The 2020 election took its first official steps last week with the Iowa caucuses, which generally help set the tone for the rest of the campaign season and solidify leading candidates.
But it's a process that should be rethought in order to be more inclusive and more representative of U.S. voters.
Let's look at the inclusivity piece first by understanding how the caucuses work.
Voters typically gather in local hotspots such as school gymnasiums, community centers and union halls and elect a caucus chair to direct the proceedings, according to The Associated Press. Representatives of the campaigns have an opportunity to stand up and give a last-minute pitch for their candidates, and then the caucuses begin.
Attendees gather in designated areas for their favored candidates, and the process continues with several rounds at each precinct until a candidate is locked in. Supporters of candidates who don't meet the threshold to continue to the next round can support a viable candidate, join with supporters of another nonviable candidate to get that candidate to viability or entice supporters of other nonviable candidates over to theirs to get them over the threshold.

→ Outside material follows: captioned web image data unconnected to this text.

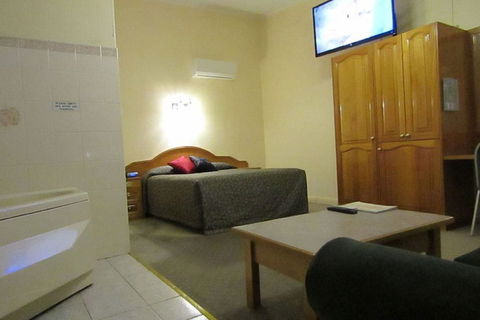 Glenelg Motel - Hervey Bay Accommodation 7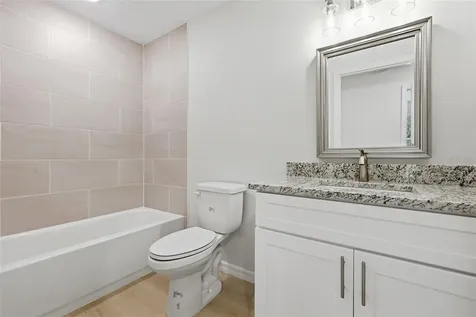 2447 SE 10th Avenue Gainesville FL 32641
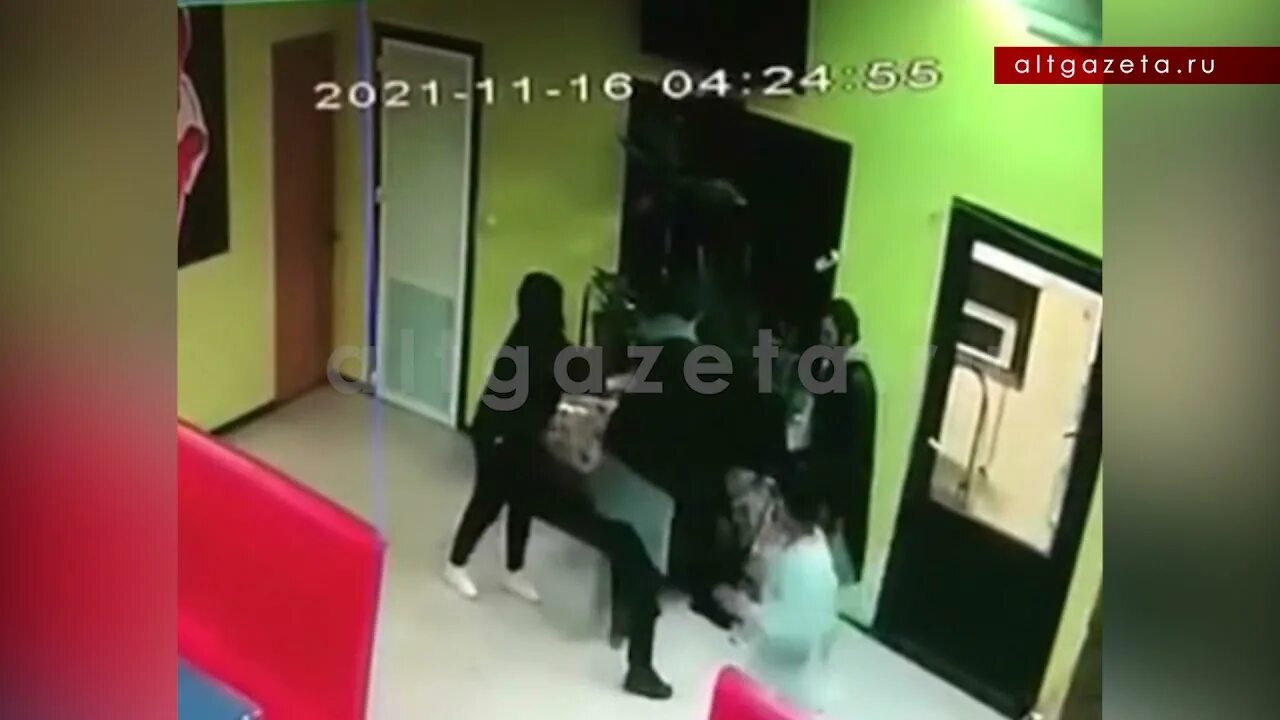 Избиение в кафе. Избиение в кафе. Избили в кафе 2 девушек. Девушка избила кавказцев. Кавказцы избили девушек в кафе.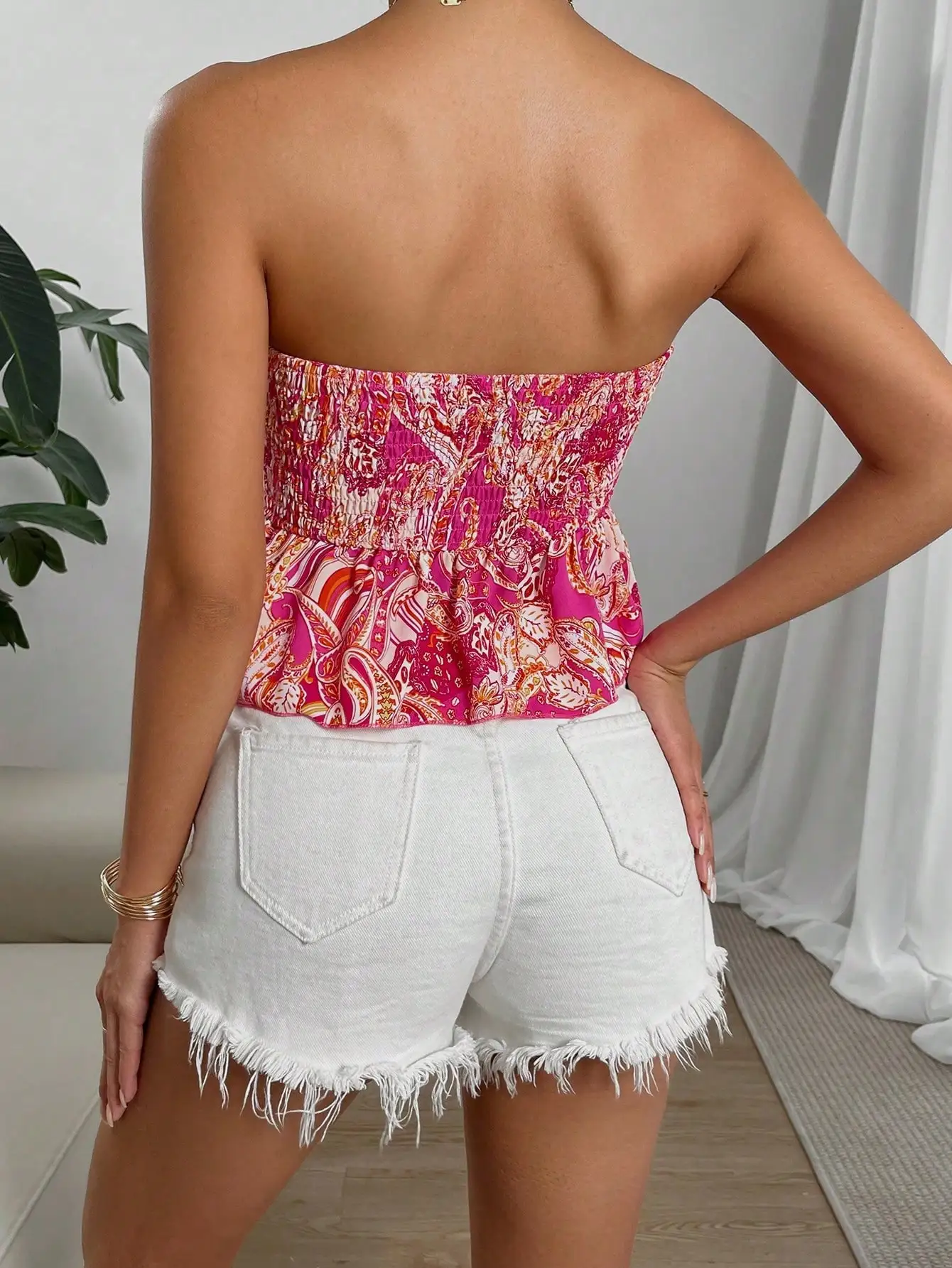 คอลเลกชันเสื้อยืดผู้หญิงแฟชั่นเกาะอกไม่มีสายรัดพิมพ์ลายแบบเต็มความกว้างแนวยุโรปอเมริกัน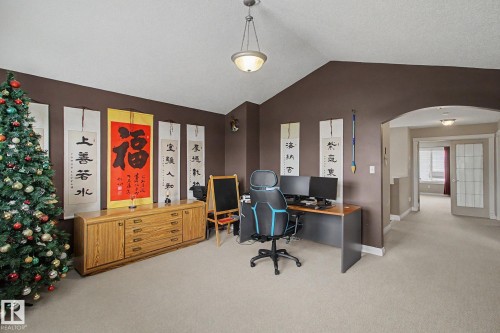 1922 Robertson Crescent, Edmonton, AB - Indoor Photo Showing Other Room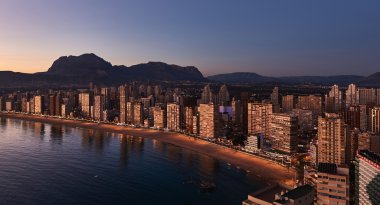 Gün batımında Benidorm şehir şeridinin havadan görünümü. İspanya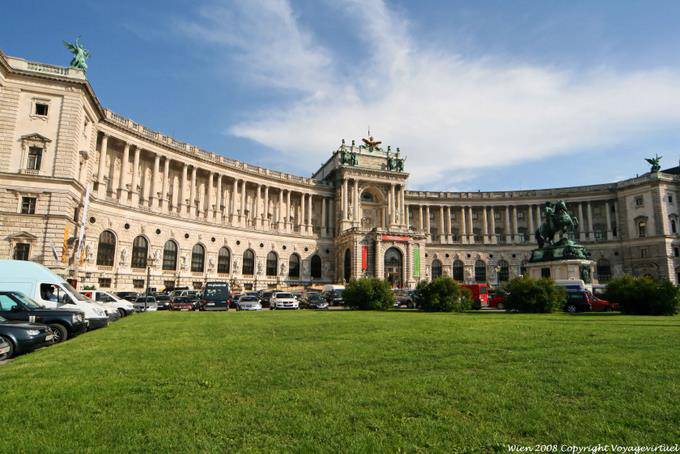 Neueburg Helden Platz panorama - Vienna - Austria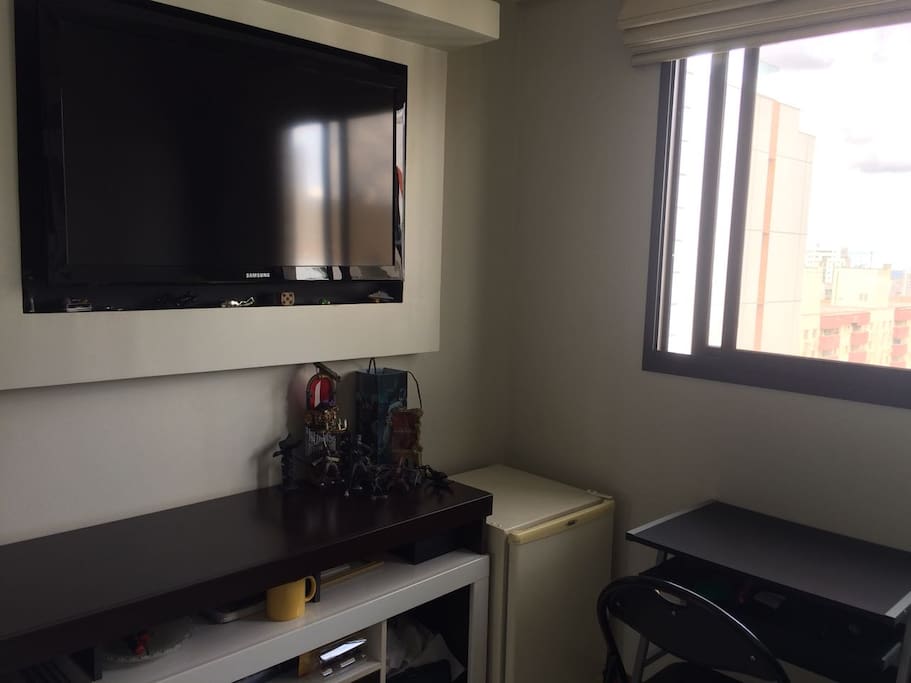 Frigobar, TV, Internet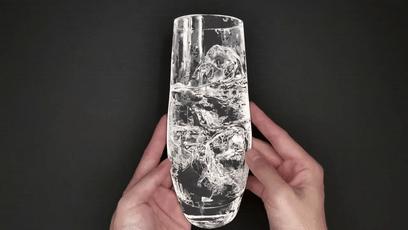 日本妹子把白纸刻成玻璃杯，连水珠都能看见，裸眼3D还能这么玩？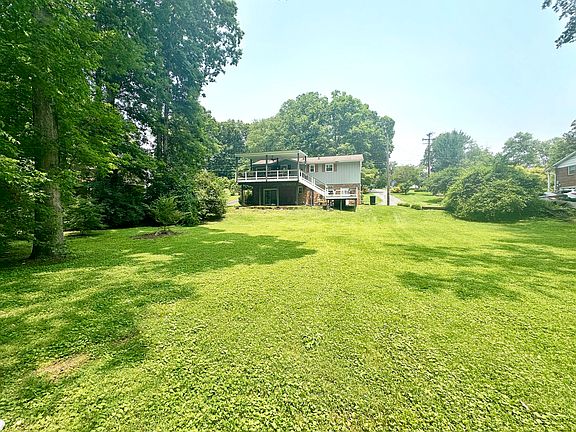 3rd image of 1717 Huntwood Ln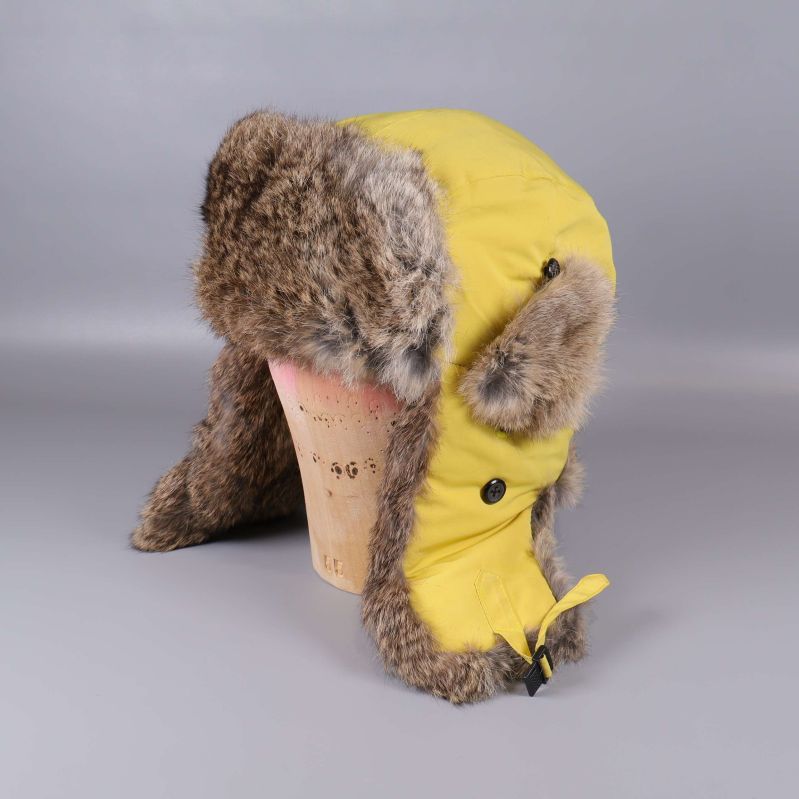 Gul vintermössa med fuskpälsvisir och öronlappar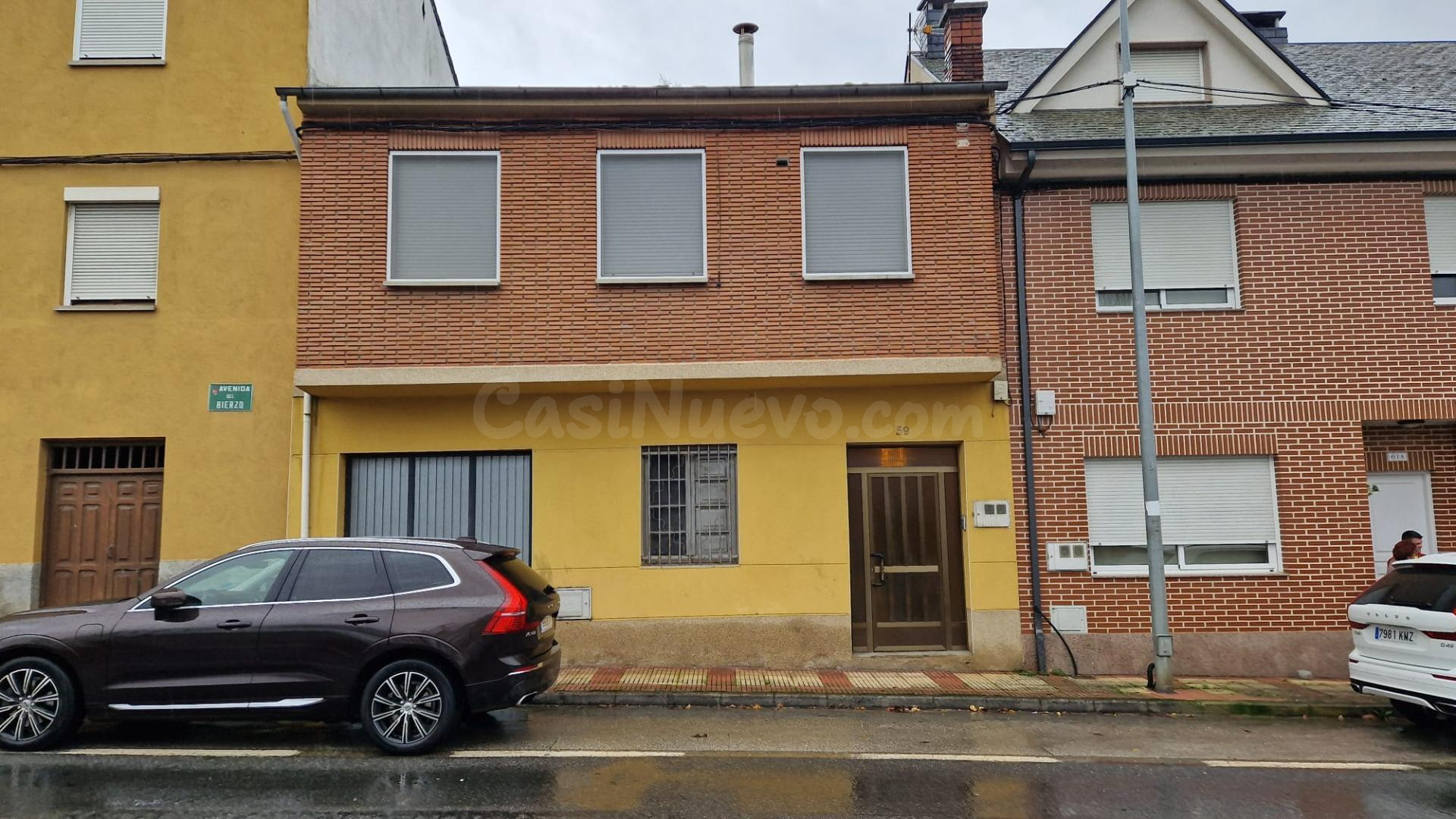 SE VENDE CASA CON TERRENO EN SANTALLA DEL BIERZO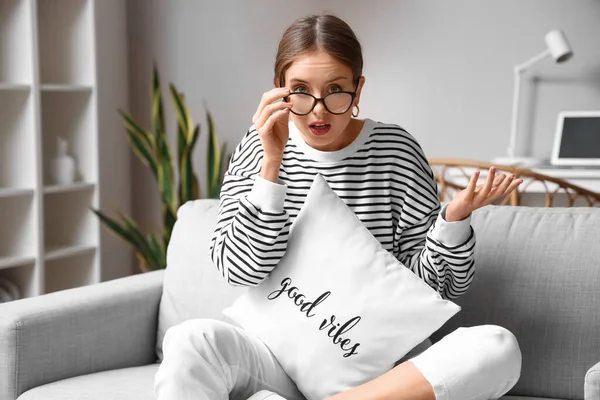 Surprised Young Woman Video Chatting Home — Stock Photo, Image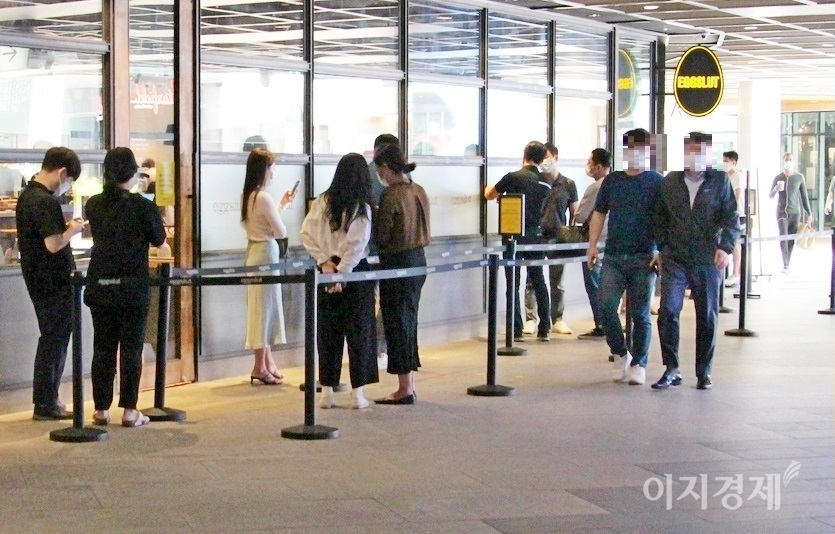 지난해 9월 코엑스 몰에서 각각 개점한 (위부터) 패스트푸드점과 인형 등 소품 판매점 개점 행사의 경우 고객들은 거리두기를 준수했다. 사진=김보람 기자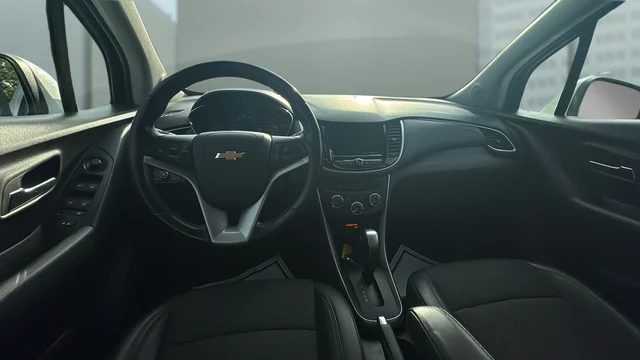 Used 2019 White Chevrolet LT image 11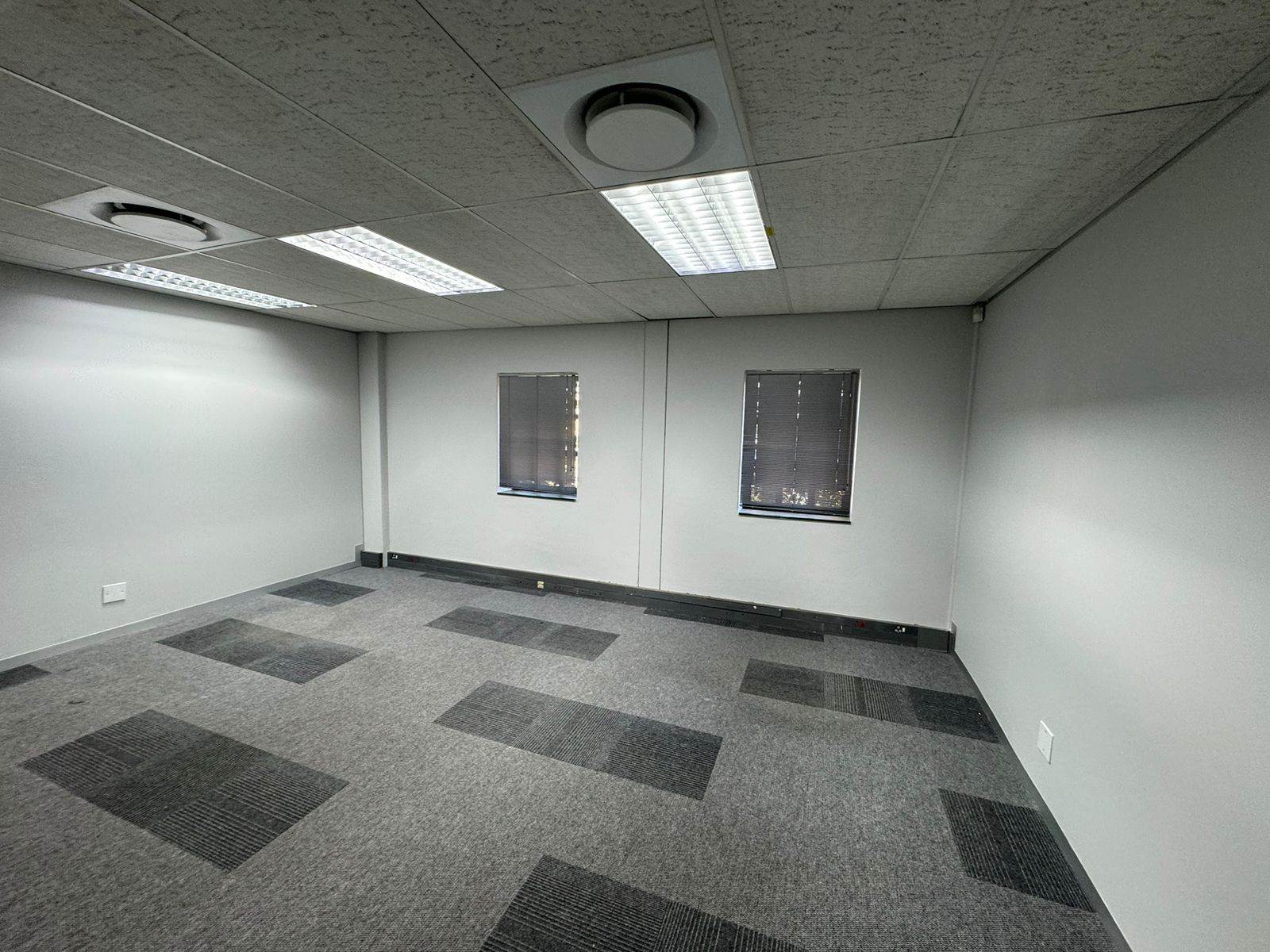 288  m² Commercial space in Sunninghill photo number 27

This process seems problematic and undemocratic for many reasons. It frankly sounds exhausting and time-consuming, and we doubt many voters have the kind of spare time to devote to the multiple rounds of debate in order to land on a single candidate.
And where is the anonymous one-vote-per-person concept? It seems like this process would be open to shaming and peer pressure at best and manipulation at worst for those in attendance who don't support the leading candidate.
The caucuses also aren't representative of — in this case — the Democratic Party, which is becoming increasingly diverse across the U.S. According to the U.S. Census Bureau, Iowa is nearly 91% white, with 7.8% of residents living with a disability and 8% living in a household in which a language other than English is spoken.
The nation, meanwhile, is 76.5% white, with 8.6% of residents living with a disability and 21.5% living in a household in which a language other than English is spoken.
To have Iowa set the stage for the remainder of the campaign season, when its voters don't completely represent American voters in general, is hugely problematic. Members of minority and underrepresented populations should have just as much of a say in selecting a presidential candidate.
One solution would be to have the first four states of the election season — Iowa, New Hampshire, South Carolina and Nevada — host their contests on the same day. Each state represents a different geographic area of the U.S. and offers more diversity in terms of demographics of voters.
It's likely such a system would offer a fairer, more representational picture when choosing the next presidential candidate.